A man who understood that a good wage is key to a good life.

Historical Parallel – Lincoln and Slavery

This situation was the root of Abraham Lincoln’s objection to slavery:  while Lincoln came to abhor the institution for its own social ills, he and other members of the young Republican Party primarily opposed slavery because of its deleterious effect on the wages of free workingmen.  Why pay a man a living wage when one could force a slave to work for nothing?

Further, the “wage-slave” of Northern factories—factories that were quite brutal compared to the free-labor of preindustrial America—had the prospect of earning his way to economic freedom, just as a young Lincoln had liberated himself from drudgery through work and education.

With slavery, at least, the United States could address the situation domestically, albeit violently.  How do we force Third World nations to give up slave or child labor?

The only plausible answer, at least in the short-term, is through trade protectionism.  The United States remains the largest economy in the world—and, thanks to Trump, one that is growing rapidly once again.  The sheer economic hegemony of the United States allows it to gain immensely from the judicious use of targeted protectionism.

The proposition is simple—if you want to do business with the United States on equal footing, stop putting the screws to our workers and to your own.

The Paradox of Free Trade

Aside from America’s ability to throw its weight in the global economy, there exists a moral hazard to the full-scale worship of efficiency for its own sake.

A key paradox of overly-rapid economic expansion is that material excess breeds social and cultural decadence.  As the fight for survival morphs gradually into the fight for the next iPhone, the inherent virtue instilled in men through a struggle against Nature is, at least partially, lost.  This faded virtue—a turning toward the excessive indulgence of men’s vices—is at the crux of my argument that a “New Homestead Act” would prompt the rise of a more virtuous, masculine civil society.  Striving against Nature and toward something greater than themselves and their material realm is crucial for men.
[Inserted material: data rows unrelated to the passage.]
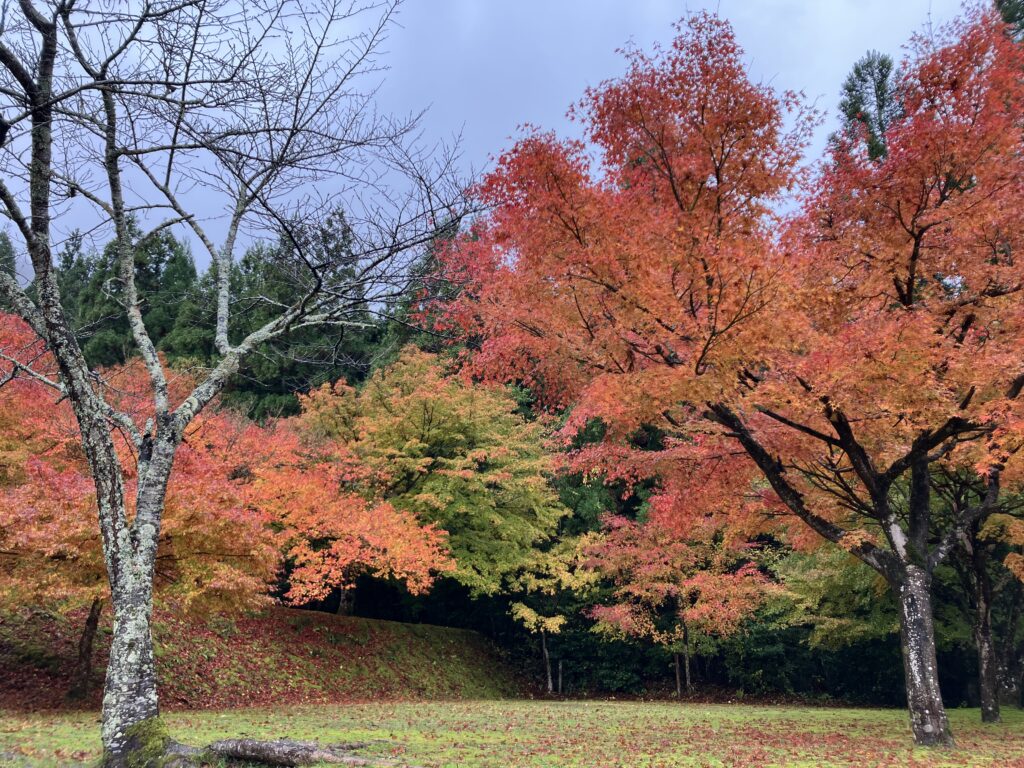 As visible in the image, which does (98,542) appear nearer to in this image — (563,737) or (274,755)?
(274,755)

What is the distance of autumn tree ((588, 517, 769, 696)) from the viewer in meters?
17.4

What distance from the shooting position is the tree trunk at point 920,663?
24.8 feet

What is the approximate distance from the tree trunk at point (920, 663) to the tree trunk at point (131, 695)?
7.65m

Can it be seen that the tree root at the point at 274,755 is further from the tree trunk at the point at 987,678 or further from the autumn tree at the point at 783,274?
the tree trunk at the point at 987,678

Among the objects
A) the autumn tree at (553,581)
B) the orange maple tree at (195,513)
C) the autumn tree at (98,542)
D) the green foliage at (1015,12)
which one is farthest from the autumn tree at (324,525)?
the green foliage at (1015,12)

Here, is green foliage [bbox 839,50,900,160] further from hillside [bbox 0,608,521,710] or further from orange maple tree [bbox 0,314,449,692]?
hillside [bbox 0,608,521,710]

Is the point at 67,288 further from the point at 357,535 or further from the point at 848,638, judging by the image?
the point at 848,638

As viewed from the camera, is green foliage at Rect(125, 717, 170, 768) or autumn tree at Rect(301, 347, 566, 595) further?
autumn tree at Rect(301, 347, 566, 595)

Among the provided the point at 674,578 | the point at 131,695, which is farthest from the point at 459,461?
the point at 131,695

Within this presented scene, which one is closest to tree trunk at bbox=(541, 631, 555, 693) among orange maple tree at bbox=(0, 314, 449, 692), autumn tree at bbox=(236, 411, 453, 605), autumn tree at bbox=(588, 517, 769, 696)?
autumn tree at bbox=(588, 517, 769, 696)

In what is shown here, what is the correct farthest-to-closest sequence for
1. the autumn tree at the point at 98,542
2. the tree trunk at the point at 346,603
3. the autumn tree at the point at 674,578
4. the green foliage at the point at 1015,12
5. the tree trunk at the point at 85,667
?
the tree trunk at the point at 346,603 → the autumn tree at the point at 674,578 → the green foliage at the point at 1015,12 → the tree trunk at the point at 85,667 → the autumn tree at the point at 98,542

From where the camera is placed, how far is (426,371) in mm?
18688

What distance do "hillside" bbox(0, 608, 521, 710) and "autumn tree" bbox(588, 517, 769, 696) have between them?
4637 mm

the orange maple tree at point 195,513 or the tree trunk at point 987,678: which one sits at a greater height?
the orange maple tree at point 195,513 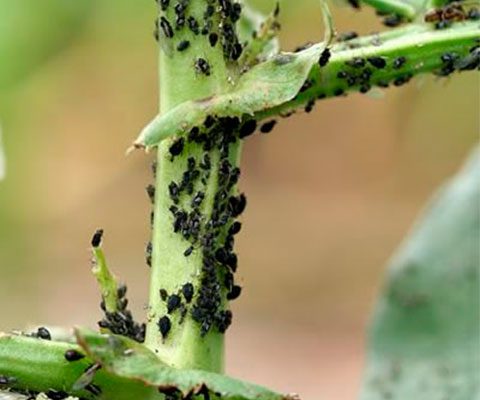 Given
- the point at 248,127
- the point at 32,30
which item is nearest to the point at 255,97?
the point at 248,127

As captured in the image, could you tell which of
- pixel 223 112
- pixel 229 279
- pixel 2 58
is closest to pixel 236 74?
pixel 223 112

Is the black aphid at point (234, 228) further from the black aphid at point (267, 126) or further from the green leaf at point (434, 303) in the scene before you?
the green leaf at point (434, 303)

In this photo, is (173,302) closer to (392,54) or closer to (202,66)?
(202,66)

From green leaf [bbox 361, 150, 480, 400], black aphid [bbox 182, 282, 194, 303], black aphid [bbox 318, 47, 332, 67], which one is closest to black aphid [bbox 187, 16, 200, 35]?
black aphid [bbox 318, 47, 332, 67]

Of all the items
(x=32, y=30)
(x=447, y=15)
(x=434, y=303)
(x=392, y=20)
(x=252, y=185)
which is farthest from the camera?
(x=252, y=185)

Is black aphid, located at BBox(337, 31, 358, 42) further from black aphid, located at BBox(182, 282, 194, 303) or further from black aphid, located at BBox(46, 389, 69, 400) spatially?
black aphid, located at BBox(46, 389, 69, 400)

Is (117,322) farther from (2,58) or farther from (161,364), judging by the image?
(2,58) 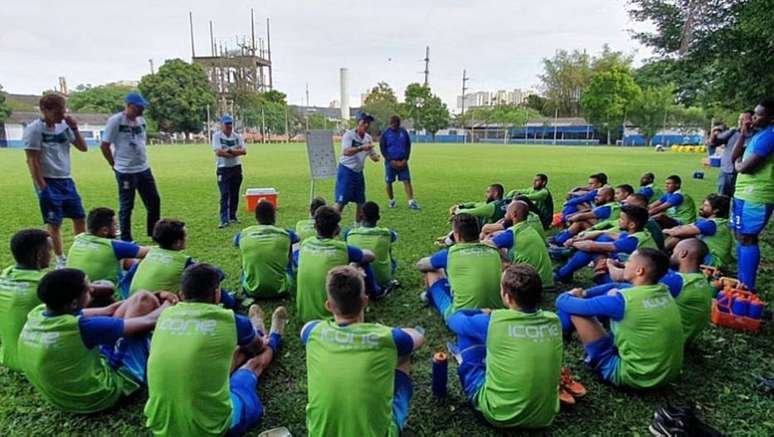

Similarly, focused protectionism could provide the economic framework in which men could sustain themselves and their families productively, while also preserving those communities ravaged by globalization’s insatiable appetite for efficiency.  A nation is more than an economy; it is a collection of people bound together by shared history, common values, and stable institutions.

Conclusion

In driving through my beloved rural South, I frequently come across small towns that cling uncertainly to life since the mills left for Mexico or Vietnam.  Perhaps these towns could innovate to attract new industry or tourism dollars, but their worn facades and decrepit main streets speak to the devastation of putting sheer efficiency ahead of human life.

While I am, ultimately, an advocate for freer trade (non-scientifically, I would say I am 85% a free trader, 15% a protectionist), Trump’s ascension has caused many Americans to reexamine the long-held orthodoxy that free trade is an unalloyed good.  The globalists’ worship of efficiency-at-all-costs has gutted American communities and deprived workingmen of, to quote Gavin McInness, their “economic libido.”

We need not abandon free trade entirely—nor would we want to do so—but targeted protective tariffs, designed to protect key industries related to national security, are a prudent step toward ensuring a fairer, freer world, and a more prosperous United States.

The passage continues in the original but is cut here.